Seit Februar 1976 findet das Schnurren zudem ganztägig statt.
Heute treffen sich die Junggesellen immer noch am ersten Sonnabend im Februar, um in den verschiedensten und ausgefallensten Verkleidungen durch das Dorf zu ziehen. Vorweg der Spielmannzug in ebenso lustigen und dekorativen Verkleidungen.
Bei Frostwetter friert den Trompetern oftmals das Mundstück zu.
Wie jeher werden auch hierbei Eier, Wurst und Geld gesammelt. Hierbei wurden von dem besten Junggesellen schon mal über 600,- DM gesammelt.

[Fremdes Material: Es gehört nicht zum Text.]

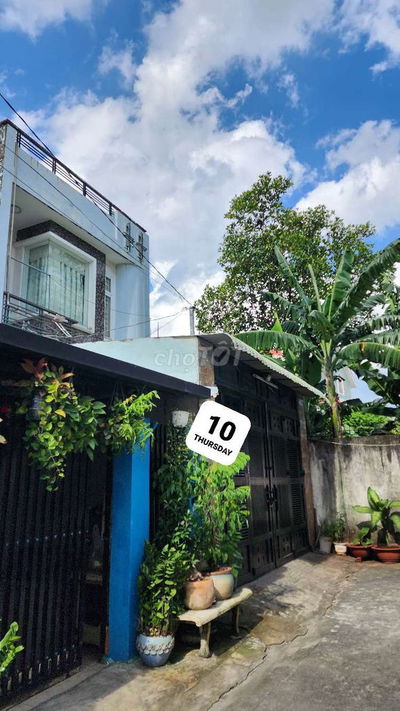Cho thuê nhà nguyên căn sát Phạm Văn Đồng có sân đậu oto. Chỉ 12tr th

Auf der anderen Seite haben zwei sammelnde Junggesellen auch schon mal zusammen den Tag mit 2,04 DM beendet.
Auch kam im Laufe der Zeit allerhand „Hochprozentiges“ hinzu.
Schon traditionell wird an „Putzer`s Ecke“ (Kreuzung Pelikanstraße / Schwicheldter Straße) bei Freya Müller eine kleine Pause eingelegt, um „neue Kraft zu tanken“.
Das Gesammelte wird am Abend schließlich in einer der Vöhrumer Gastwirtschaften verzehrt, wobei das Gesammelte durchaus bis in so manche Morgenstunde reichte.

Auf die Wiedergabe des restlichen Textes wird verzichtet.